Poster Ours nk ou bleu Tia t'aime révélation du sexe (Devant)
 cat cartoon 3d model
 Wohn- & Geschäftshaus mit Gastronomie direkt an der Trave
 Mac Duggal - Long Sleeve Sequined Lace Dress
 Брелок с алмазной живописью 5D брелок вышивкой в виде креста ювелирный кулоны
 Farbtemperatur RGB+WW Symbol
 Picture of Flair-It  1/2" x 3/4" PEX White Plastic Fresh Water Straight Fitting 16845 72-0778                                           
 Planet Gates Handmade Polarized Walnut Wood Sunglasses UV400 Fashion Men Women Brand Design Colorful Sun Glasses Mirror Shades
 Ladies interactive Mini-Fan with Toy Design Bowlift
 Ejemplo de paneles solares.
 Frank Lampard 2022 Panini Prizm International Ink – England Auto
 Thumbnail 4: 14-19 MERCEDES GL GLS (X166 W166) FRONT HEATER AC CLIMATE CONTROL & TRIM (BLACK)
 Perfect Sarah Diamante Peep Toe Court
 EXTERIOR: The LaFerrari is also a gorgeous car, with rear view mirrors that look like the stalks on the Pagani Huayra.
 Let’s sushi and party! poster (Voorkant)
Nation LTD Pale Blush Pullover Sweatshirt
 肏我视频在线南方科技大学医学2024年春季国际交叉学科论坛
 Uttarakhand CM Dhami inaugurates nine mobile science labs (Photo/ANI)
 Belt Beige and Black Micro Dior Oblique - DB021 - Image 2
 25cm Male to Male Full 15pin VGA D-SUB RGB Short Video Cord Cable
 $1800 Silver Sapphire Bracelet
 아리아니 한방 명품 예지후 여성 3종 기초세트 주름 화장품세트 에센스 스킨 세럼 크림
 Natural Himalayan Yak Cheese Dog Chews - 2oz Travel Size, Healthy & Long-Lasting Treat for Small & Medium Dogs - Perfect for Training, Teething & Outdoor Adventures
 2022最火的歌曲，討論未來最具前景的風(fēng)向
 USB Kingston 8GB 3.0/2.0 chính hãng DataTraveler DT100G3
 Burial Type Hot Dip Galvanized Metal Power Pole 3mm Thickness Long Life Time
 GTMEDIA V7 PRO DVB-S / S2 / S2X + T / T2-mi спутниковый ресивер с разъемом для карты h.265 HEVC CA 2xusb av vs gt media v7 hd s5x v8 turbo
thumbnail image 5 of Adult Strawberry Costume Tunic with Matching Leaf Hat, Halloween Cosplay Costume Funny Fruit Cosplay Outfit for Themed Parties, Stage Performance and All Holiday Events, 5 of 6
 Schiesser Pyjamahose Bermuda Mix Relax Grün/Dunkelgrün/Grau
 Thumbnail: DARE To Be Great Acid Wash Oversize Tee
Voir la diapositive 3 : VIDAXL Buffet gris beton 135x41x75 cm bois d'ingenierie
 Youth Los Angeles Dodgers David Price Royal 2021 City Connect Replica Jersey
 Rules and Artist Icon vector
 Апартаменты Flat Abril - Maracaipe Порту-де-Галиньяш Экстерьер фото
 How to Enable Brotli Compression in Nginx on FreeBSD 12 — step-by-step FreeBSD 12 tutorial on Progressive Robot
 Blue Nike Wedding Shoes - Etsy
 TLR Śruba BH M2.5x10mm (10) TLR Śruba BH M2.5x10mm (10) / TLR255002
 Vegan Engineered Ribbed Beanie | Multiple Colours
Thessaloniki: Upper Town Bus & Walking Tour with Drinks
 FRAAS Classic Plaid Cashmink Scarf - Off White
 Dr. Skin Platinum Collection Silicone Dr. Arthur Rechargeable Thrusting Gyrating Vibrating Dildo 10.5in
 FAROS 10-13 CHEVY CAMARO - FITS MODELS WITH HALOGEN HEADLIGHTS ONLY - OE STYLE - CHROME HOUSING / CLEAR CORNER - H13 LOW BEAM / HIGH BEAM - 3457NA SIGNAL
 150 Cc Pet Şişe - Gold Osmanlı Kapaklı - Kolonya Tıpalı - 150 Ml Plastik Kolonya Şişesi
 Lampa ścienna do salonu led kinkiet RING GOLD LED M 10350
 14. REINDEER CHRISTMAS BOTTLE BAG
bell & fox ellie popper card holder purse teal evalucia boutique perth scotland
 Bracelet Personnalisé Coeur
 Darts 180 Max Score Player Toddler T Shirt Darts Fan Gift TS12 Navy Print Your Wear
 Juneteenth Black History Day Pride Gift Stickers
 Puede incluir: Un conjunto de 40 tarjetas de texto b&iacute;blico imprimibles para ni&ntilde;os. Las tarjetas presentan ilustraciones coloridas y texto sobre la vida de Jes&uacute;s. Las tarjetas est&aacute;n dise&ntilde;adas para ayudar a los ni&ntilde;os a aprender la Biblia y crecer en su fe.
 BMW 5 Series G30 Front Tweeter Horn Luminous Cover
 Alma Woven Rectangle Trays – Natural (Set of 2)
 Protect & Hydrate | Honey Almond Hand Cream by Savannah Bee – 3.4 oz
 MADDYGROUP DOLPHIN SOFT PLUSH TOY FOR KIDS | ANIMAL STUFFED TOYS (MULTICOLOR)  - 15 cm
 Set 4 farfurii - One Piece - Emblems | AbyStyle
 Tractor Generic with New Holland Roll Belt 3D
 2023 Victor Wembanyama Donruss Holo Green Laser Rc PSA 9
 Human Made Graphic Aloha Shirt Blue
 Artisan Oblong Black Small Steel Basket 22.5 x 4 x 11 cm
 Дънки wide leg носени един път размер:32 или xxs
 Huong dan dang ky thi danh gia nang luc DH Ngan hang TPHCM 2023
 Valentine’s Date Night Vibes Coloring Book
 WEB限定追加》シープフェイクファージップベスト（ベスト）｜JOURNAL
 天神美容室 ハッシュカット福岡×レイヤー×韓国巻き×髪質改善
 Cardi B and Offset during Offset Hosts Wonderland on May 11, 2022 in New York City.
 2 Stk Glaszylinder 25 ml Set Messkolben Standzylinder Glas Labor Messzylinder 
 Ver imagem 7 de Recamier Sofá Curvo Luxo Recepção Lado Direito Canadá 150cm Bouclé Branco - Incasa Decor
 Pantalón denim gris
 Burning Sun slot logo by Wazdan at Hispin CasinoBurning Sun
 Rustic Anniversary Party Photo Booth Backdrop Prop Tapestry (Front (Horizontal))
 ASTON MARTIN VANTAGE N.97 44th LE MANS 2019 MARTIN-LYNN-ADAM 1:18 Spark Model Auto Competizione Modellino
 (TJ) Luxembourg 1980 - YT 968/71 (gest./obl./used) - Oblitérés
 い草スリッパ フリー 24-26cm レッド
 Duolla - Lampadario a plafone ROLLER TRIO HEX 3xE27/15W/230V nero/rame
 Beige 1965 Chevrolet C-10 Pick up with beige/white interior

⁂

What the task requires —
Copy the entries word for word. Start at the first line and end with the line containing "Farbtemperatur RGB+WW Symbol".

Answer box —
Poster Ours nk ou bleu Tia t'aime révélation du sexe (Devant)
 cat cartoon 3d model
 Wohn- & Geschäftshaus mit Gastronomie direkt an der Trave
 Mac Duggal - Long Sleeve Sequined Lace Dress
 Брелок с алмазной живописью 5D брелок вышивкой в виде креста ювелирный кулоны
 Farbtemperatur RGB+WW Symbol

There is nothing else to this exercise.